Ahmed Kamel – Egypt Daily News

Egypt is advancing a dual-track strategy to safeguard its energy and food security, announcing plans to import 75 additional liquefied natural gas (LNG) cargoes valued at an estimated $3.75 billion.

The measures reflect mounting seasonal energy demand, persistent production gaps, and broader economic pressures facing the country as it balances fiscal constraints with strategic supply needs.

Expanding LNG Imports Ahead of Summer

According to a government official who spoke on condition of anonymity, Cairo is preparing to launch an international tender in March to import approximately 75 additional LNG shipments to meet domestic energy requirements. Imports are expected to begin in April, in time to supply power plants during peak summer consumption.
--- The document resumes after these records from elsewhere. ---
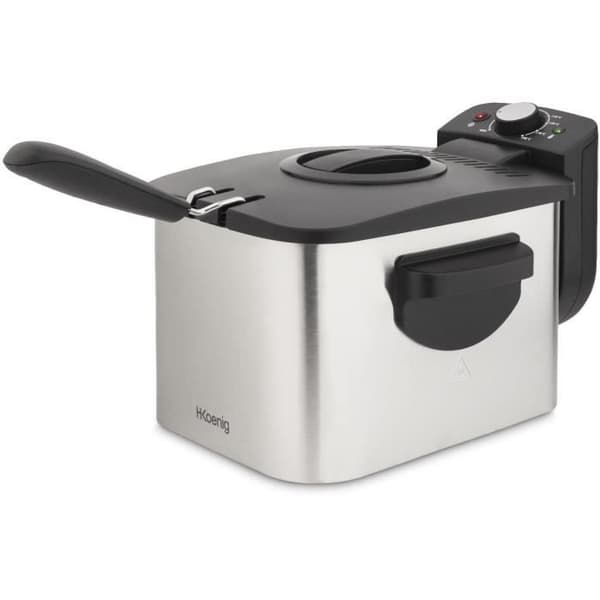 HKoeNIG DFX500 - Elektrisk fritös 3L - 2200W - Justerbar temperatur - Stomme i rostfritt stål - Avtagbar korg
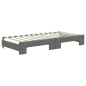vidaXL Divano Letto Estraibile Materassi Grigio Scuro 90x200cm Tessuto vidaXL Divano Letto Estraibile Materassi Grigio Scuro 90x200cm Tessuto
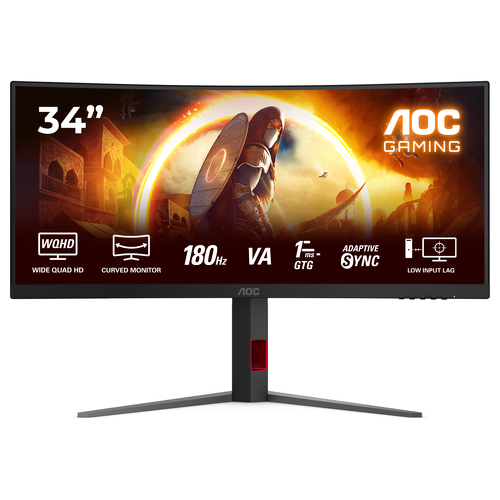 AOC MONITOR VA 34" 21:9 WQHD 1MS 180HZ HDMI DP HAS CU34G4 - AOC CU34G4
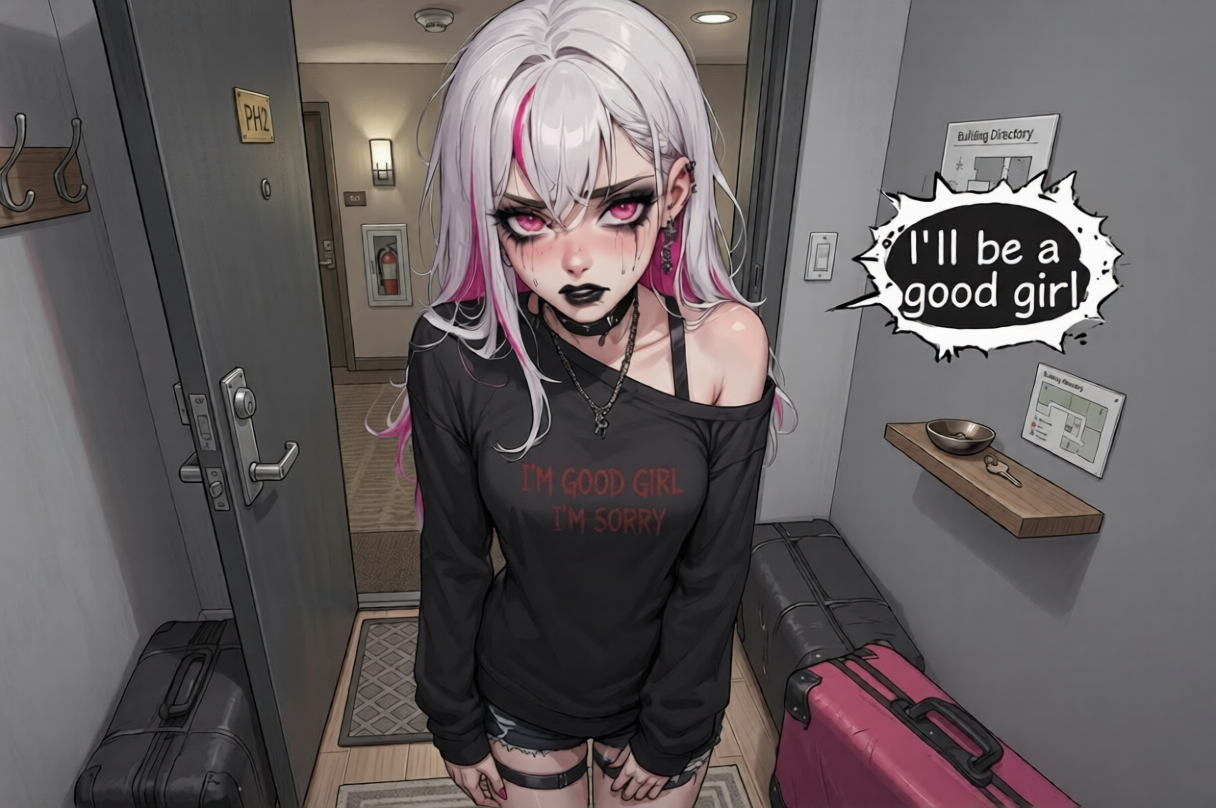 Cover art for "I'll Be A Good Girl", a cosplayer scenario on AI Dungeon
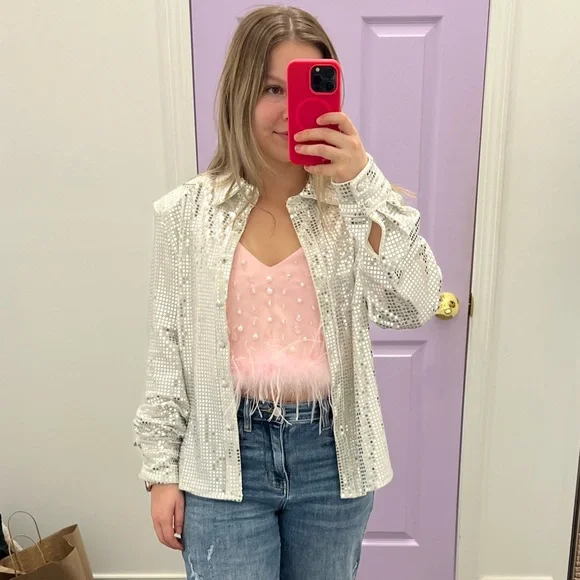 Silver Sequin Shirt Jacket - Picture 3 of 3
The new shipments, priced at an average ceiling of $50 million per cargo, would bring the total estimated value to roughly $3.75 billion. Under the proposed tender terms set by the Ministry of Petroleum and Mineral Resources, suppliers would be allowed deferred payment of at least six months from the date of import. A 25 percent letter of credit would be opened once the cargo enters Egyptian territorial waters, a structure designed to ease immediate pressure on foreign currency liquidity.

The decision comes after higher-than-expected demand forecasts from the Ministry of Electricity for the coming summer season. Originally, the plan had been limited to around 100 LNG shipments, but rising projected consumption prompted the addition of 75 further cargoes.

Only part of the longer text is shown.